At the time, I worked with someone who commuted a long way to our office. He arrived one day with a copy of his local paper, the Berkshire Eagle, and dropped it on my desk. “What have you been up to?” he asked. There, on the front page, was a story about a woman with my name, first, last and middle initial, who had been passing bad checks and otherwise wreaking havoc in the Berkshires. The article included a picture, and it was with great relief that I saw that the culprit was not me!

I contacted a State Trooper named in the article and explained my fear that this woman was going to ruin my credit. He was kind enough to look her up in the DMV records and report back that she had her own social security number, which meant she didn’t need to steal my identity, she had her own.

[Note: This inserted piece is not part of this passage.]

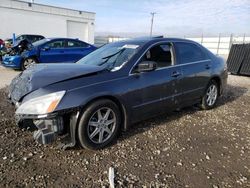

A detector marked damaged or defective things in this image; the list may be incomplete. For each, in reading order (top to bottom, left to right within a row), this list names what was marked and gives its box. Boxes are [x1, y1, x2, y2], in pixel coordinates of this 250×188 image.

After that, I started noticing the name Mintz cropping up everywhere. Today, a quick search on the Internet shows that, in and near Boston alone, there are over one hundred Mintzes! While I was relieved to find out that the other woman existed and could be held accountable for her own debts, I was sad to discover that my name was not, after all, unique.

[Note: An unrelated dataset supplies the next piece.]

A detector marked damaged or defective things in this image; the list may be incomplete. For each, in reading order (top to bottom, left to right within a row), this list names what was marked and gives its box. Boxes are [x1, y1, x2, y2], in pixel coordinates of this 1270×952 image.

My husband, however, is a different story. His last name is Kleppner. Chances are good that if you meet another Kleppner, it’s a relative of his. If you do, tell them I said hello.

Company Confidential

There was an editorial in The Boston Globe the other day about how nothing you send in email is private. I was disappointed when I read the piece because I’d been thinking about writing about the same subject. If I did, I wondered, would our mutual readers think I was copping ideas from the Globe? Worse, would the Globe think I was muscling in on their territory, using their editorials as springboards for my own? Would they write a piece about bloggers who steal ideas, and name me by name? Would a metro reporter call me for an interview, or even a lowly fact checker, to check a fact? Come to think of it, I’d like that, so I’ll forge ahead.

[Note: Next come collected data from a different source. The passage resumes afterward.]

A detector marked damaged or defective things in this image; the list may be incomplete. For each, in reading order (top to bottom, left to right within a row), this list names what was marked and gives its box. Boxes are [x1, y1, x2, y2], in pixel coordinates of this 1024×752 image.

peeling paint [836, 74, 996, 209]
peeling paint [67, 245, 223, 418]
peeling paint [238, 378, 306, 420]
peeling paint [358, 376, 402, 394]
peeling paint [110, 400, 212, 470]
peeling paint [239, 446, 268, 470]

I started thinking about the futility of keeping email private the day I got one from an old colleague that read, in part, “Did you get the company confidential PowerPoint?” In case you haven’t been paying attention, I haven’t worked for that company in over a year. It would be natural to assume that I had not seen the ‘company confidential’ PowerPoint presentation. That, however, would be wrong. A second ex-colleague had already forwarded the file in question.

If that presentation were instead, say, a ring, which had been stolen by a burglar, I would be in possession of stolen property, and as such could be sent to the hoosegow. (I’ve never seen a hoosegow, but I’m pretty sure I wouldn’t want to go to one.) In that case, I would have the option of asking the person gifting me the ring, ‘where did you get this?’ If they answered that they stole it, I could politely decline. When someone sends you unrequested email, that you’re clearly not meant to see, are you culpable for receiving it?

On a related note, I’d like to point out that printers in public hallways are not secure. If you send a document to a public printer, there is a very good chance that someone else will see it. This does not have to be the result of malicious behavior; it could be an accident. Many were the times that I’d wander the halls yelling, “Who took my freakin’ document?” when something I’d printed disappeared. It was not unusual for someone to scoop up more than their own paper, and then set it aside in their office without looking.

A good friend of mine once inadvertently picked up a memo off a printer that talked about me. Realizing her mistake, she returned it to the printer, after she read it. Then, being the good friend that she was, she told me all about it. It ruined my day. Under the best of circumstances I can’t keep a secret, and this was the worst of circumstances, so I confronted the author and told him I knew what he’d said. Pandemonium ensued (details unlikely ever to be revealed in this blog, proving that perhaps I can keep a secret after all).

Did my friend do me a favor by sharing the contents of that confidential memo with me, or would I have been better off not knowing? I don’t know, but if I do find the answer to that question, I’ll be sure to share it with you.